Baroness // Paradise Garage, Lisbon
Words and pictures by Ricardo Almeida
The night was set to be a singular one from the very beginning; after all it was Baroness’s first time in Lisbon. An almost sold out venue on a Sunday night and a weird sensation going on in one’s stomach could only suggest how special this was going to be.
As good as a rock show can be – and this one was as great as it gets – describing it would be rather boring. So I’ll leave the guitar solos and other mumbo jumbo aside and tell you about what matters. And what matters, you ask? Well, a wise man once said, “What matters most is how well you walk through the fire”. And we all know Baroness have had quite a bit of firewalking to do, that being carving there own name, earning respect and admiration, back when people could easily be mistaken to think they were just another band among hundreds following the lines of Mastodon, ISIS, The Dillinger Escape Plan and so on, or, as we’re all well aware of, surviving a severe bus accident that could have had way more tragic consequences.
The accident was hard on the band, leading to a slow recovery and some line-up changes.

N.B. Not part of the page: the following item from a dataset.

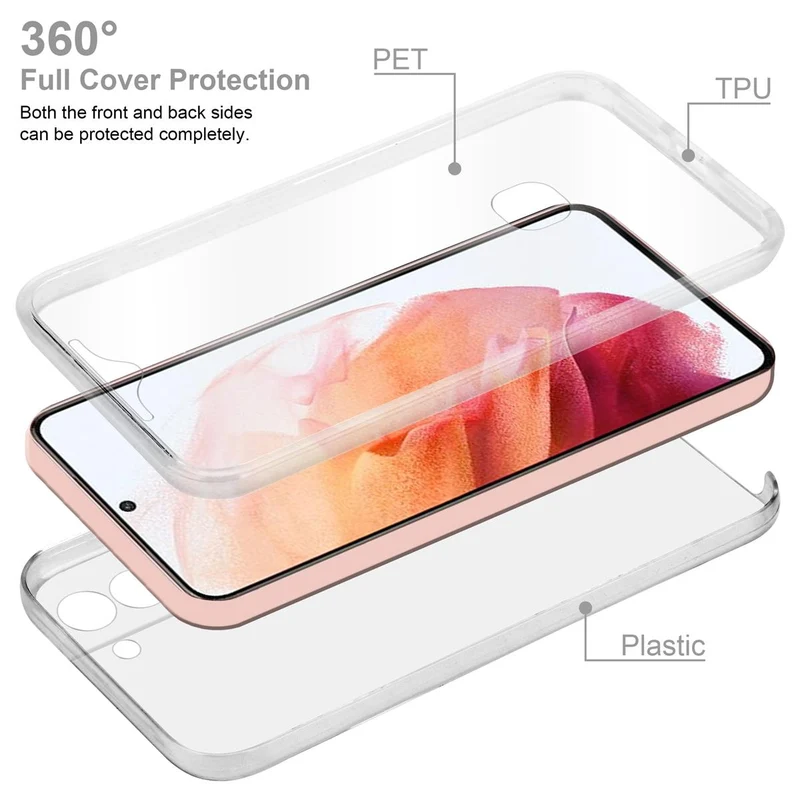 Cadorabo Hülle kompatibel mit Samsung Galaxy S21 5G 360° Full Body Schutzhülle - Front- und Rückenschutz, Rundumschutz mit Displayschutz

But it also made Baroness a symbol of perseverance, a talisman to remember us to try and make the best out of our lives, for we might not have a second chance (cheesy, yes, but still true). And one is not bringing the sensationalist crap up just to sell newspapers, the crash definitely had a huge impact in the people involved and that comes up in the music and the live performance.
The words featured on Purple, their last album, are definitely the result of that experience. Baroness’s first visit to the Portuguese capital will be remembered not only for the band’s flawless performance – and not boring proggy flawless but rock n’roll flawless – but mostly as a passionate celebration of friendship, life and joy.

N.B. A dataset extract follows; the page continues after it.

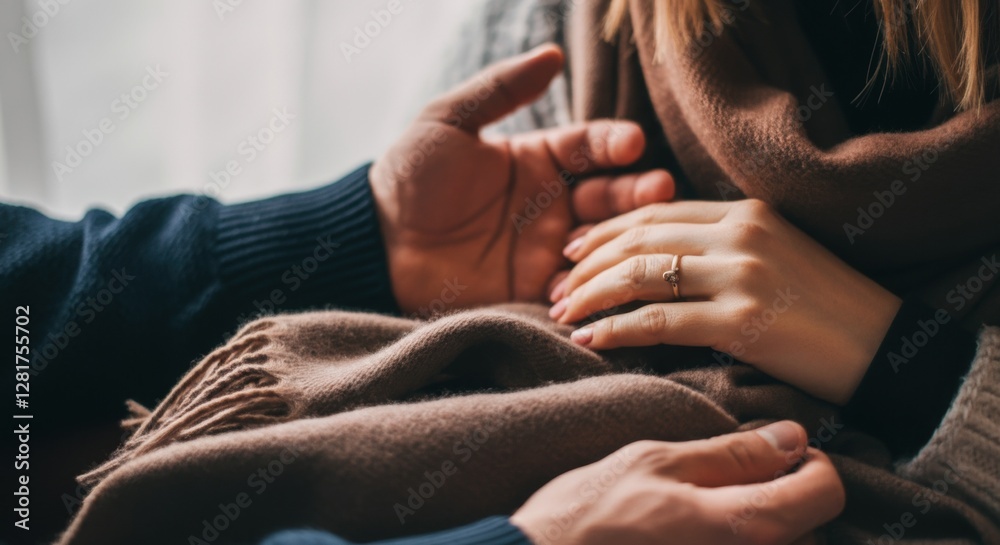 Close-up of couple embracing in warm blanket with engagement ring visible Close-up of couple embracing in warm blanket with engagement ring visible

If sometimes the interludes and the ‘studio magic’ might make one think otherwise, the live show leaves no room for questions: Baroness are a heavy rock band and will rock the hell out of wherever they’re playing! Kicking off with “Kerosene”, followed by “March to the Sea”, “Morning Star” and “Shock Me”, an energetic band obviously enjoying itself as much as the crowd, it was set from the beginning that this would be a night to remember where classics such as “Isak” (which made the audience rejoice) and a “Horse Called Golgotha” were welcomed with as much praise as they’re recent stuff.
After the show, instead of hiding backstage, Baizley and his band mates joined the crowd for some beers, dozens of autographs, photos etc. They could be tired and really not in the mood to talk to girls half their age, but no, they were the nicest dudes. The first time is always sloppy. Well, not this one.